Why is transitioning robots from demo to real-world scenarios far more difficult than imagined—by a factor of ten thousand?

Yuanli Lingji co-founder Zhou Erjin at the 2026 Technology Open Day

Data and Generalization

Theory of Intelligent Evolution: After more than a year in the embodied AI field, what do you see as the biggest changes in the industry?

Zhou Erjin: Confidence in data has grown stronger, with a broad consensus emerging on the need for large-scale real-world data deployment. Two years ago, proposing a 100,000-hour data collection effort would have been considered insane. Today, there’s general agreement that achieving true proficiency in embodied AI requires data on the scale of millions of hours.

Many studies, including our own experiments, show that as data volume increases, models demonstrate increasingly robust generalization capabilities.

Theory of Intelligent Evolution: What about factors other than data?

Zhou Erjin: There are many, but the core priority is to scale up data first; other aspects will follow. If data volume increases, model capacity must also expand to accommodate it. Consequently, we’re seeing a gradual rise in model parameter counts.

Theory of Intelligent Evolution: Some argue that reliance on real-world data may not be necessary due to its scarcity. What’s your view?

Zhou Erjin: That’s a temporary state. For large-scale deployment, real-world data is indispensable. Take autonomous driving: no one trains self-driving systems on human cycling data. You need to build machines, deploy them at scale, and let robots generate their own data.

Theory of Intelligent Evolution: Where does embodied AI currently stand in its development?

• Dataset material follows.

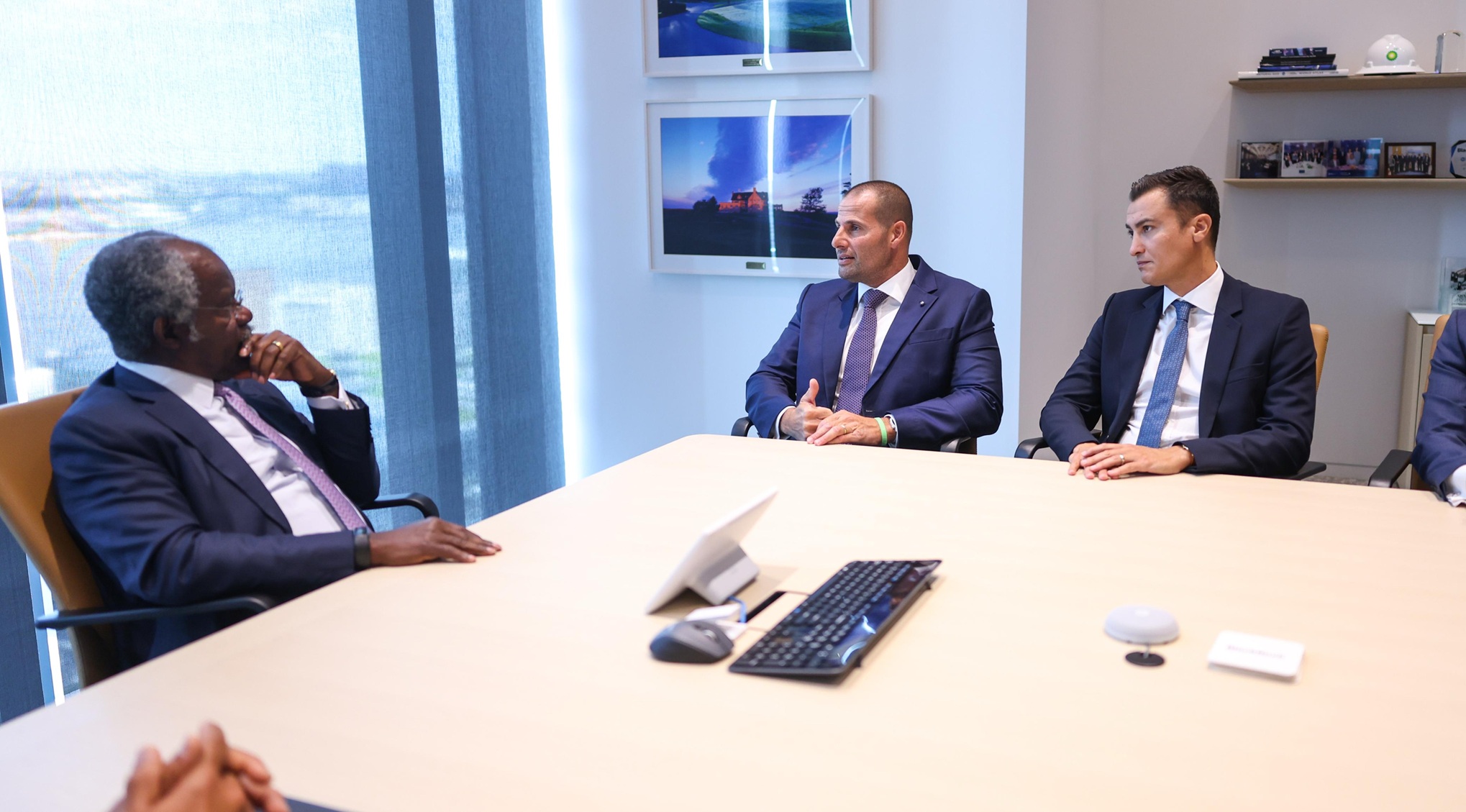 PRESS RELEASE BY THE OFFICE OF THE PRIME MINISTER Prime Minister Robert Abela meets leading international companies to strengthen Malta's connectivity and attract further investment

Zhou Erjin: It’s still early, but different from one or two years ago when simply performing a stable action was impressive. Our goal is to achieve out-of-the-box basic actions with scenario and object generalization by year-end.

Mass deployment of real-world robots will mark the next major milestone. Now, the focus is on ensuring foundational models deliver guaranteed accuracy and generalization. Teams achieving this can deploy robots at scale for reinforcement learning, widening the gap with those still collecting data in lab environments.

Theory of Intelligent Evolution: What scale of deployment are you targeting?

Zhou Erjin: Current data collection typically involves dozens to hundreds of units. For real-world reinforcement learning, it’s often just a dozen to 20 units, and even fewer in labs. We aim for scales ranging from hundreds to thousands.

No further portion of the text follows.